Chosen as “Word of the Year-2007”by New Oxford English Dictionary, the term was coined by Jessica Prentice in 2005. It describes people who resort to eating foods that are grown locally. Here, local is defined as anything that grows within 100 miles area of ones place of dwell. Those who live in remote areas, may expand their definition to include vegetables, fruits, eggs, non-veg., milk and milk products, fish and other food products that come from farms within 250 miles radius.
The most amazing fact about being a locavore is that all aspects of food production and consumption..., beginning from a farm where it is grown till it reaches the plate..., are benefitted.
· Economic benefits:
The concept of ‘Farmers Market’ illustrates purchase of locally grown food directly from farmers and local vendors, without any focus on packaging, transport and preservation of food.., it is just grown, harvested and sold..! It also helps the local economy, as in the absence of cost of transportation, processing, packaging and marketing.., farmer gets the entire retail value of money spent on food.
· Health benefits:
Fresh, locally grown foods tend to be safer and taste better. Smaller farms produce more variety of seasonal, indigenous foods with lesser added chemicals as compared to commercial lands that produce gallons of food to be transported thousands of miles away. Meat, eggs, milk and milk products are from animals that are pasture-fed and raised in a natural environment. Typically, all the products are produced and processed at a smaller scale without affecting their natural composition to a considerable extent.
· Environmental benefits:
The locavore movement eventually conserves the amount of fuel and cuts down on levels of soil pollution, air pollution and green house gas emission required for an imported/exotic food product to reach our plate from the farm it is produced in. All these factors ultimately help in reducing global warming and conserving the natural biodiversity.

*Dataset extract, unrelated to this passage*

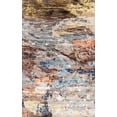 thumbnail image 1 of Momeni Millenia Brushstrokes Area Rug, 1 of 2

Challenges of being a Locavore...
Changing the habit of easily picking up foods of choice that are ready to use, from the shelves of highly convenient super-markets to procuring them from local vendors and farmer markets where they require some pre-preparation and storage work to be done.., does pose a challenge. Another hurdle is availability in a limited number at a time, which calls for grocery shopping more than once per week.
And then, there are certain products of regular use like coffee, tea, some spices and nuts etc that cannot be produced locally..?
Thinking of all these challenges.., i said (in the beginning of blog) i am a ‘half-locavore’..!!
Localise The Locavore...
To me, an important aspect of going locavore is also eating seasonal food products and avoiding preserved or non-seasonal ones. For the above mentioned challenges and many others that one comes across when choosing to be a locavore.., here are the suggestive and easy solutions...
· Go seasonal:
Prefer including only seasonal varieties of fruits and vegetables as an in-season harvest doesn’t travel too long to reach you.
· Say NO to exotic varieties:
Instead of buying kiwis, blueberries and raspberries, make bananas, watermelons, musk melons, pears etc a part of your fruit basket.
· Avoid canned foods:
You might think that they are pre-cooked, safely packed and ready to eat.., but there are huge amount of chemicals added and fuels utilised in making it what it is.
· Support local vendors, growers and farmers:
Create a small community (may be of your residential society) that does most of the purchase from an identified local farm or vendor.
Create your own ideas of adapting to the ‘Locavore Movement’ and make sure you stick to it. As, back in time, we were all locavore and ate whatever was available as a gift from Mother Earth. Always remember, ‘To have something to eat is in itself a blessing.’